Now, good excuses can be made for all of these failures. Critically acclaimed as it was, Christopher Priest’s Black Panther was not friendly at all to new and casual readers once it got going. Reginald Hudlin’s Black Panther may have gotten every break and stunt possible from Marvel to spike its sales, but let’s just say it was definitely not critically acclaimed. It could be argued that Jonathan Maberry never really got a fair shot because readers had already made up their minds about Black Panther at the time. And despite being well written, David Liss’ Black Panther: Man Without Fear launched out of a weak event with a premise that few readers seemed to buy into. I’m not disputing any of this.
Yet, none of that means the character is innocent in all of this. Maybe even under ideal circumstances, Black Panther is just too tough of a sell for readers.
This will sound weird, but Black Panther’s problem is that he is such a fictional character. What I mean by that is there is so little about him that is familiar or real. He is the royalty of a fictional country and head of its fictional religion. This country, due to its isolated history, has its own fictional culture. It also has wildly fictional technology based on a wildly fictional metal. Sometimes, it seems like you need a Ph.D. in Wakandan Studies to follow Black Panther. At the very least, you need to have a basic understanding of vibranium, Wakanda and the Panther Cult to get the character. This is a lot more baggage to dump on a reader than your average character.

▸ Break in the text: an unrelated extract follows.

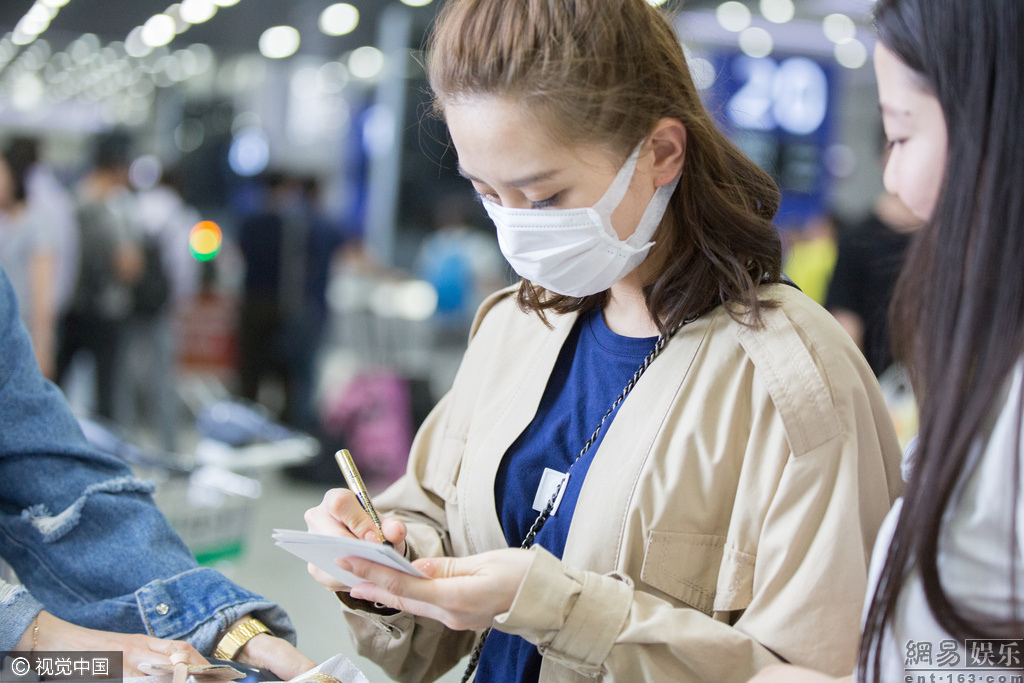 刘诗诗丸子头韩范足爆赴尼泊尔拍摄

This isn’t a problem exclusive to Black Panther, and there are potential ways around it. Fictional countries are obstacles for many monarch characters. There’s good reason that Geoff Johns has distanced Aquaman so much from Atlantis in the currently successful Aquaman series. Hell, this was the reason for the strained premise of Black Panther: Man Without Fear. Yet, it doesn’t work for T’Challa. He’s not that guy. He isn’t like Arthur or Namor. You can have them turn their backs on their countries without much problem. T’Challa, as he has usually been characterized, is too determined and patriotic for that. Trying to distance him from Wakanda is more akin to trying to distance Batman from Gotham City. You can get away with it as a short term thing, but it just doesn’t work as anything ongoing.
Written as he should be, Black Panther is virtually impenetrable to new readers. Written as he shouldn’t be, preexisting fans become divided by a watered down version of their character. This isn’t an impossible challenge, but it is a major one that should be acknowledged. It’s also one that Marvel hasn’t been able to overcome after more than a decade of trying.
In the Marvel Universe, Black Panther may be the top black hero around, but that doesn’t necessarily mean he is fit to be Marvel’s top black character. It’s not like Spider-Man and Wolverine are really the top heroes inside the universe. Yet, they are the top characters of Marvel Comics while Captain America and Iron Man are not. Marvel has other black characters, and several of them do not have the challenges that Black Panther has in reaching out to readers. It may be worth Marvel’s time to refocus on some of these other characters.
After all Brian Michael Bendis has done for Luke Cage, there’s really nothing left to do but finally launch an ongoing series. I’ve always been dumbstruck at Marvel’s inability to get a decent Blade series going. Since Victor Gischler is aching so much to tell vampire stories, he may as well be supported in writing a new Blade book. I believe Greg Pak has said he would love to write a Storm series. Why not let him give it a shot? There’s something wrong if Greg Rucka is at Marvel Comics and no one there has considered the idea of pairing him up with Misty Knight. I don’t know if Falcon can ever work as a solo character, but the best time to give it a shot is while Marvel is trying to build up a Captain America franchise. At the very least, why isn't it Captain America and the Falcon?
I’m not saying these characters would have more success than Black Panther. But I am saying it’s worth a try. In fact, I’m saying it’s more worth it than another Black Panther attempt. Short of having Jonathan Hickman writing it, I don’t care to see another Black Panther series for quite awhile. Give the character a break before his name becomes even more synonymous with low sales and cancellation. Set sights on a character less challenging to get new readers interested in. I appreciate Marvel's dedication to the character and diversity, but there comes a point where you have to rethink your game plan.
The response to this suggestion is obvious, though. Why focus on only one character? That’s valid. There’s no reason for there to be only one black character starring in their own title. But look at DC’s latest attempt at diversity in the New 52. Look quickly too, because most of those books seem to be getting cancelled father than any Black Panther book. There’s something to be said for keeping your focus tight and strong versus throwing a bunch of titles out there with weak creative support and haphazard execution. Quality over quantity.
Or should Black Panther be that one and get another chance?
Hey. If Hickman wants to go for it, I’d be there.
Misty Knight: Hero for Hire by Greg Rucka, though. Think about it, Marvel.